Plusieurs naturalistes, sans adopter les sentimens de Burnet sur la cause du déluge, ni l’hypothese de Woodward, n’ont point laissé que de regarder le déluge de Noé comme la cause qui avoit porté les corps étrangers sur la terre ; ils ont cru que par un changement dans la position de l’axe de la terre, la mer pouvoit avoir été jettée avec violence sur le continent qu’elle avoit entierement inondé, & que de cette maniere elle y ayoit apporte les productions & les animaux qui lui sont propres.
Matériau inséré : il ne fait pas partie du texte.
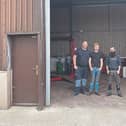 Rory Browne, Paul Dollery and Sean Connaughton in their new garage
On ne peut douter de la réalité du déluge, de quelque voie que Dieu se soit servi pour opérer cette grande révolution ; mais il paroît que, sans s’écarter du respect du au témoignage des saintes Ecritures, il est permis à un naturaliste d’examiner si le déluge a été réellement cause des phénomenes dont nous parlons, sur-tout attendu que la Genese garde un silence profond sur cet article. D’ailleurs rien n’empêche de conjecturer que la terre n’ait, indépendamment du déluge, encore souffert d’autres révolutions. Cela posé, il y a lieu de croire que ce n’est point au déluge dont parle Moyse, qui n’a été que passager, que sont dus les corps marins que l’on trouve dans le sein de la terre. En effet l’énorme quantité de coquilles & de corps marins dont la terre est remplie, les montagnes entieres qui en sont presque uniquement composées, les couches immenses & toujours paralleles de ces coquilles, les carrieres prodigieuses de pierres coquillieres, semblent annoncer un séjour des eaux de la mer très-long & de plusieurs siecles, & non pas une inondation passagere & de quelques mois, telle que fut celle du déluge, suivant la Genese. D’ailleurs si les coquilles fossiles eussent été apportées par une inondation subite & violente, comme celle du déluge, ou par des courans d’eaux, comme quelques auteurs l’ont prétendu, tous ces corps auroient été jettés confusément sur la surface de la terre ; ce qui est contraire aux observations, comme nous l’avons dejà remarque. Enfin s’ils avoient été apportés de

cette maniere, on devroit plutôt les trouver dans le fond des vallées que dans les montagnes ; cependant on trouve presque toûjours le contraire. On voit par tout ce qui vient d’être dit, que le sentiment le plus probable est celui des Anciens qui ont cru que la mer avoit autrefois occupé le continent que nous habitons. Tout autre système est sujet à des difficultés invincibles, & dont il est impossible de se tirer.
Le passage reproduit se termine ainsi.